In 1823, he joined the Southern Society of Decembrists and became one of the main assistants to Sergey Muravyov-Apostol on Vasilkovskaya Uprava of the South society. He was a participant in conferences of the Southern society in Kiev and Kamenka, and negotiated with secret Polish society. He was the author of the Decembrists' Proclamation that was read to the troops and local peasants. He also was known to dress in the clothes of lower classes and agitate people to revolt against the monarchy. Bestuzhev-Ryumin was the most extreme republican among the Decembrists; he insisted on the need to execute the Emperor and his entire family. At least four other members of the Bestuzhev family were involved in the Decembrist conspiracy.
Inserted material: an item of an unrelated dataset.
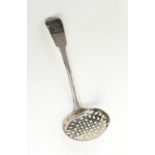 Dog crested Georgian silver sifting ladle by James Payne, London 1825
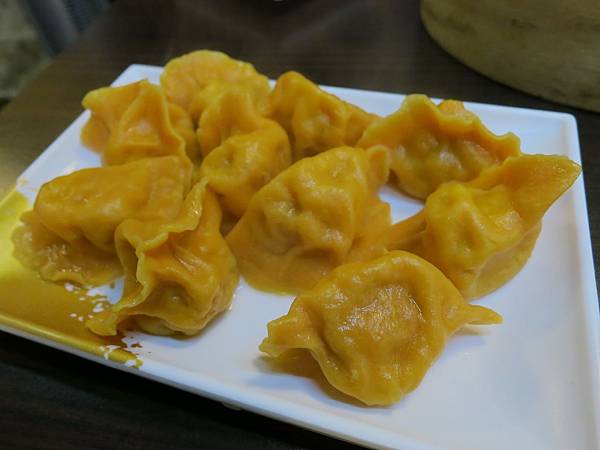 海餃七號-水餃店-紅蘿蔔水餃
On December 27, 1825, Mikhail was an assistant to Sergey Muravyov-Apostol, who headed the uprising of the Chernigov regiment. Mikhail was caught on January 3, 1826, and transferred to Saint Petersburg on January 20. He was one of the five sentenced to quartering, but later this sentence was replaced with hanging. He was executed at the Peter and Paul Fortress on July 25, 1826, and interred with the rest of the five in a secret grave on Goloday Island in Saint Petersburg.